--- EXERCISE PROMPT ---
Pictures in the records below must be left out. Return exactly the lines from the line with "DIY handmade crocheted" to the line with "1102 Sunset Point", both included.

--- Recorded data ---

■ ■ ■ ■ ■ ■ ■

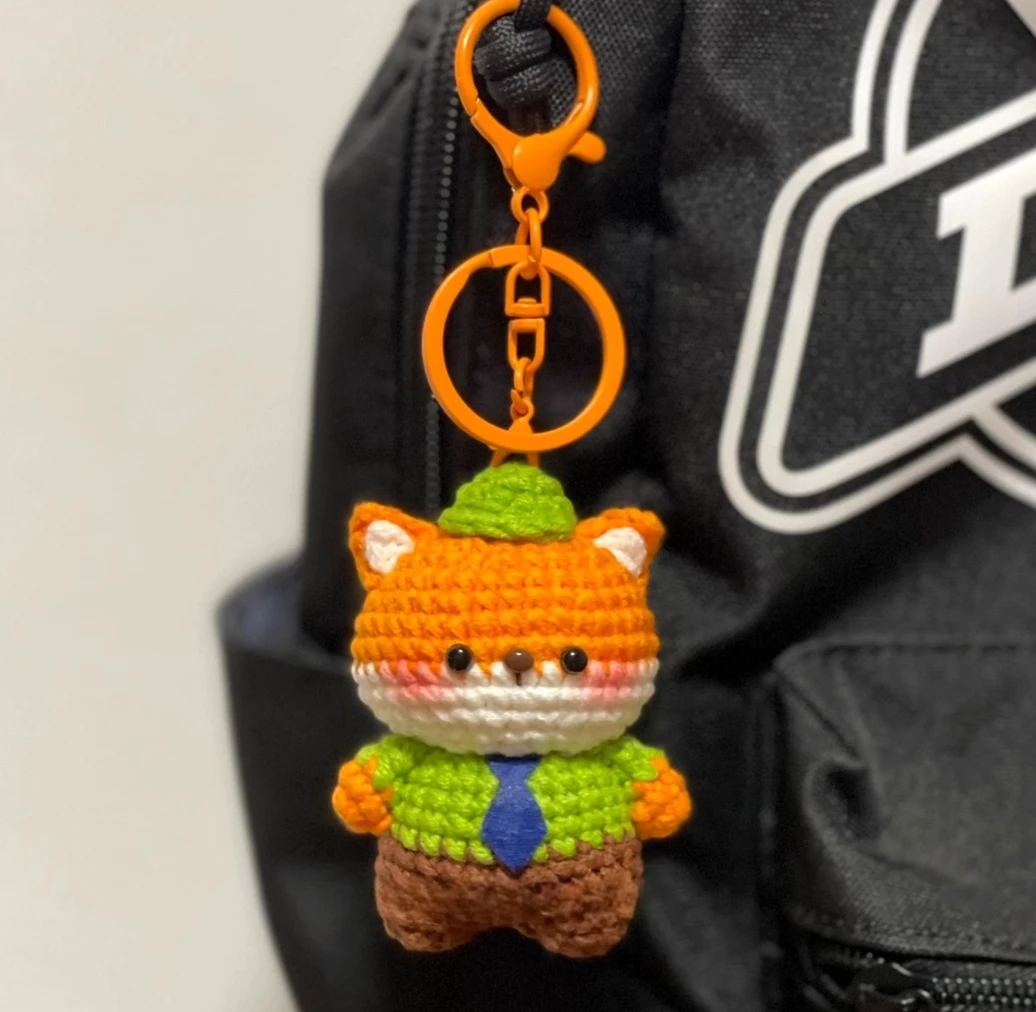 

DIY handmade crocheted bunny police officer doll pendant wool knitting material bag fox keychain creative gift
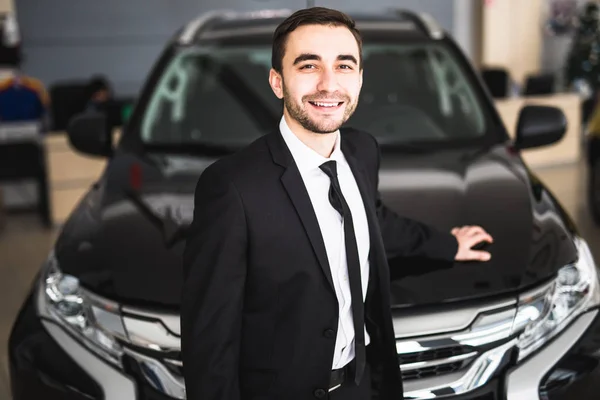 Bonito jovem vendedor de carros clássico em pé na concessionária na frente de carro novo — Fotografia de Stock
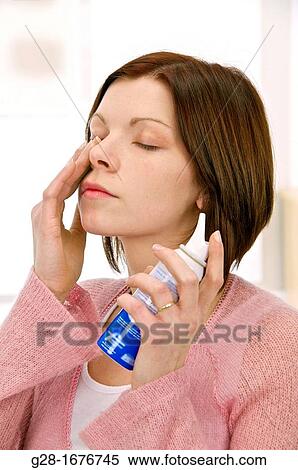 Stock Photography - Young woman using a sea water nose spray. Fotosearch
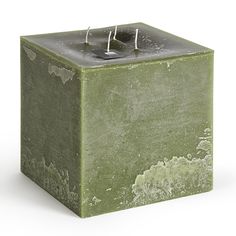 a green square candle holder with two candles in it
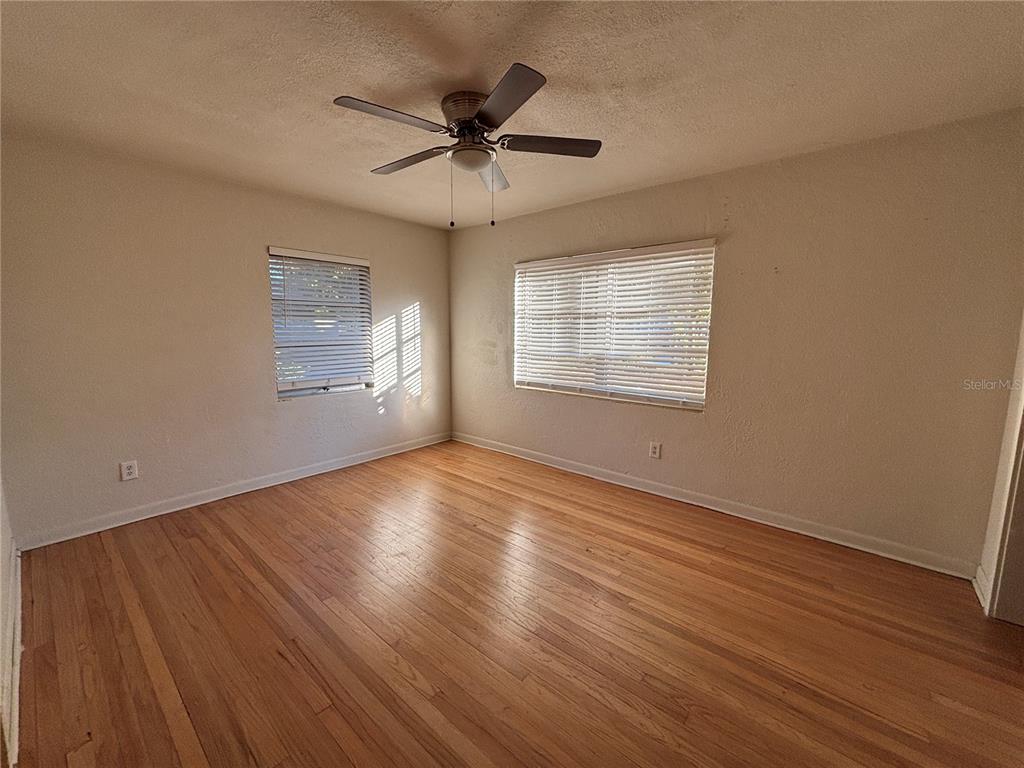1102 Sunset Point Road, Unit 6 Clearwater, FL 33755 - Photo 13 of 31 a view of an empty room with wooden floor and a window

■ ■ ■ ■ ■ ■ ■

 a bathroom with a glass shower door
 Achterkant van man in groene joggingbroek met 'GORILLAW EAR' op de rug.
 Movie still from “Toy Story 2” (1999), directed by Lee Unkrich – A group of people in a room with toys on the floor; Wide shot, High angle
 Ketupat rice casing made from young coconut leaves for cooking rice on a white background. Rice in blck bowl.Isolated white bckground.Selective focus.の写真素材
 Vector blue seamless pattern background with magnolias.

■ ■ ■ ■ ■ ■ ■

--- OUTPUT OF THE TASK ---
DIY handmade crocheted bunny police officer doll pendant wool knitting material bag fox keychain creative gift
 Bonito jovem vendedor de carros clássico em pé na concessionária na frente de carro novo — Fotografia de Stock
 Stock Photography - Young woman using a sea water nose spray. Fotosearch
 a green square candle holder with two candles in it
1102 Sunset Point Road, Unit 6 Clearwater, FL 33755 - Photo 13 of 31 a view of an empty room with wooden floor and a window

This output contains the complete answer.